Segment Start: SUPPLIED INFORMATION

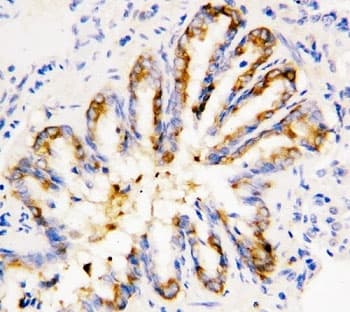 Polyclonal Rabbit anti-Human CAPN1 / Calpain 1 Antibody (aa313-327, IHC, WB)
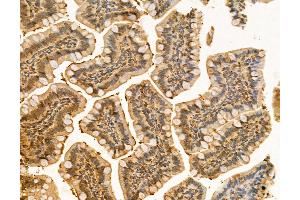 ABIN6260867 and ABIN6266510 at 1/100 staining Rat colon tissue by IHC-P. (Claudin 5 Antikörper  (C-Term))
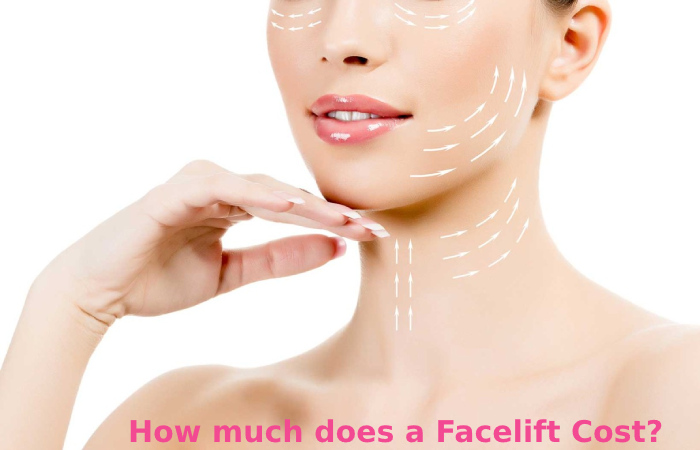 How much does a Facelift Cost?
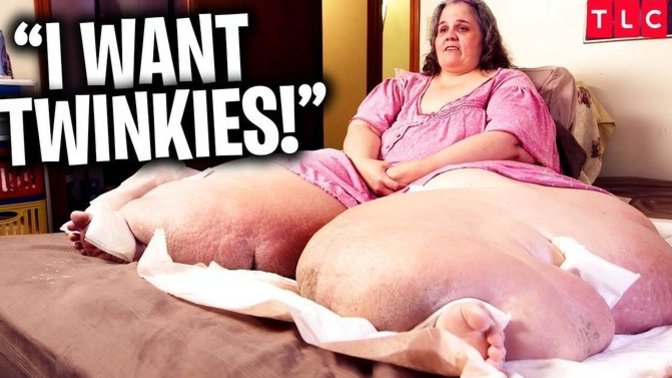Why is fat phobia a thing when over 3 million children a year die from hunger?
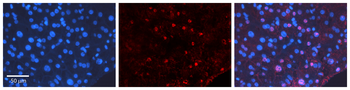 CEBPD Rabbit Polyclonal Antibody
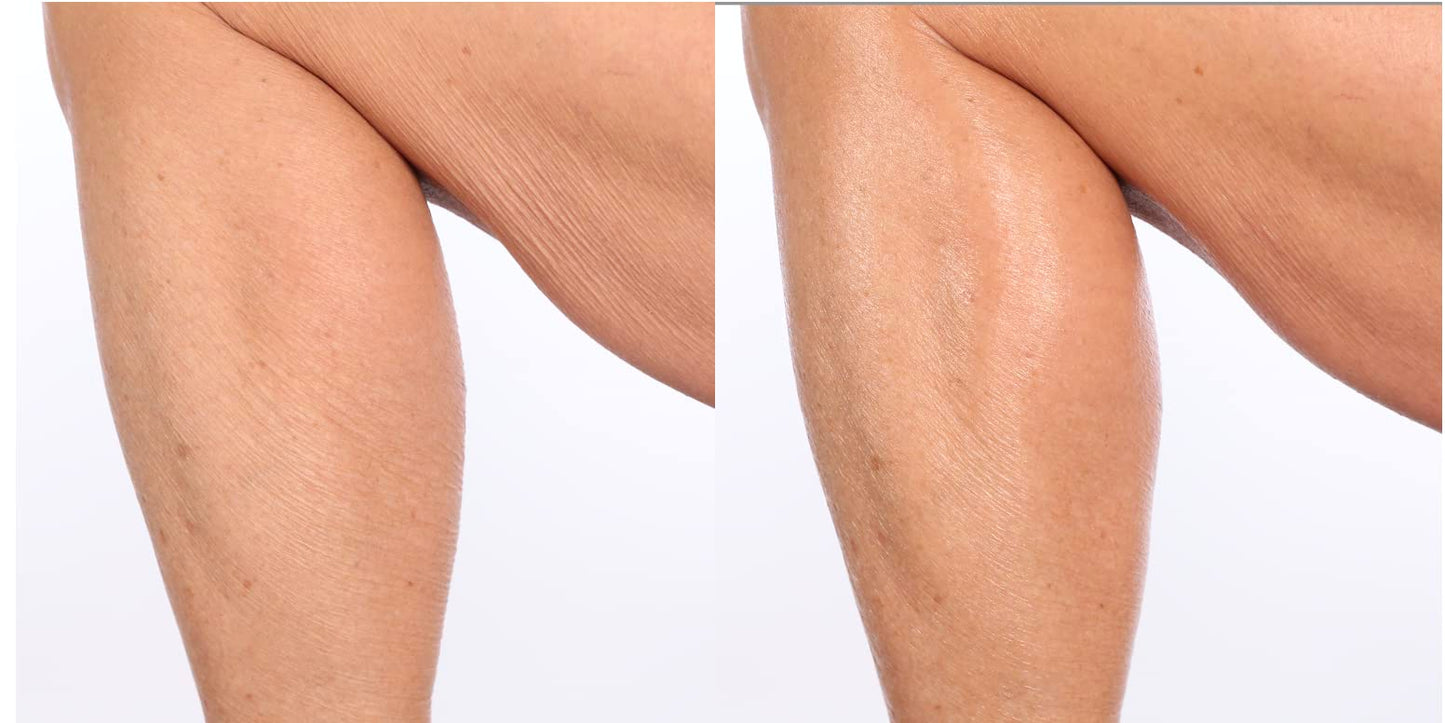 Nakery SkinToning Body Butter | Crepe Smoothing + Repair | Infused with Niacinamide, Caffeine, Tri-Hyaluronic Acid (Tropical Therapy)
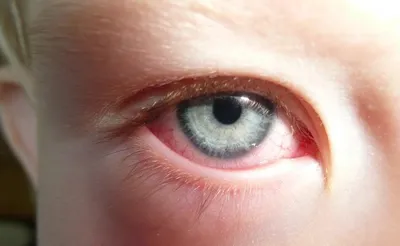 Аллергия на глазах у ребенка - фото, лечение, причины и симптомы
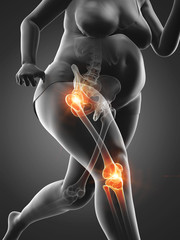 3d rendered medically accurate illustration of the painful joints of a running obese woman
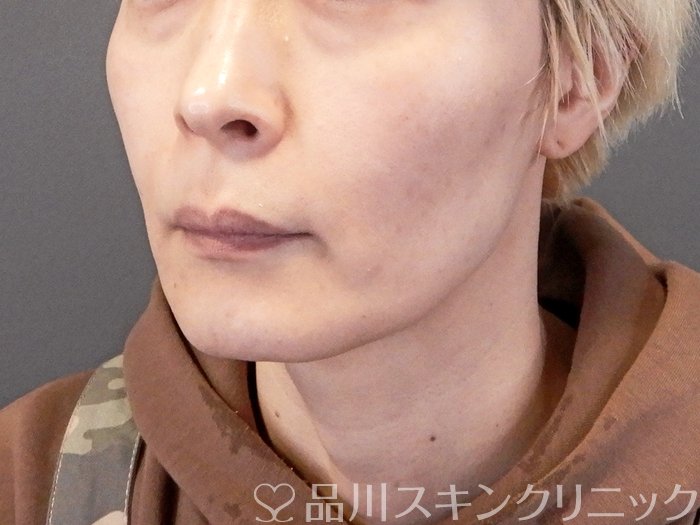 症例NO.63541のBEFORE写真
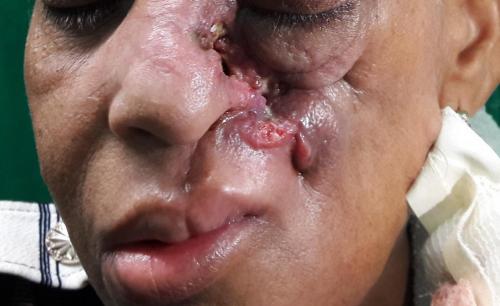 Carcinoma de células basales facial extenso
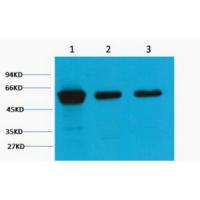 Vimentin Monoclonal Antibody1A7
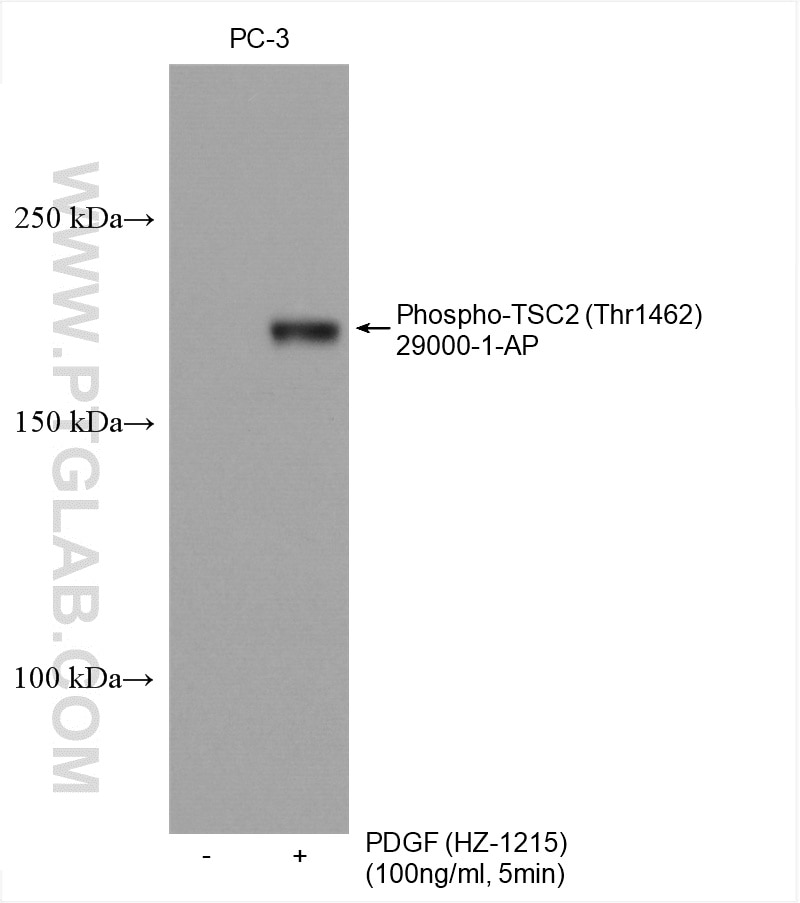 Western Blot (WB) analysis of various lysates using Phospho-TSC2 (Thr1462) Polyclonal antibody (29000-1-AP)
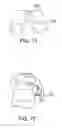 Fig. 37 - Methods of deploying an implantable injection port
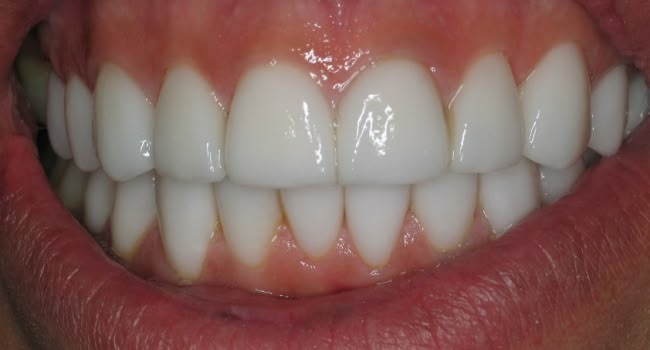 A bright, healthy smile with straight white teeth and pink gums.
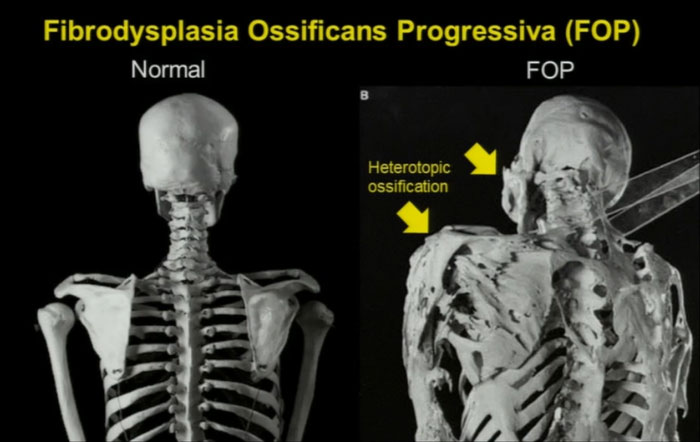 Comparison of normal skeleton and Fibrodysplasia Ossificans Progressiva (FOP) showing heterotopic ossification in an incurable medical condition.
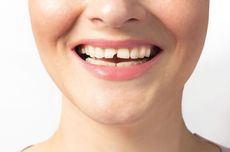 6 Penyebab Gigi Patah dan Cara Mengatasinya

Segment End: SUPPLIED INFORMATION

• **WORK ORDER**
In the entries above, find the line with "Western Blot (WB)" and the line with "A bright, healthy". Write out exactly those two lines and every line between them, pictures excluded.

• **EXERCISE RESULT**
 Western Blot (WB) analysis of various lysates using Phospho-TSC2 (Thr1462) Polyclonal antibody (29000-1-AP)
 Fig. 37 - Methods of deploying an implantable injection port
 A bright, healthy smile with straight white teeth and pink gums.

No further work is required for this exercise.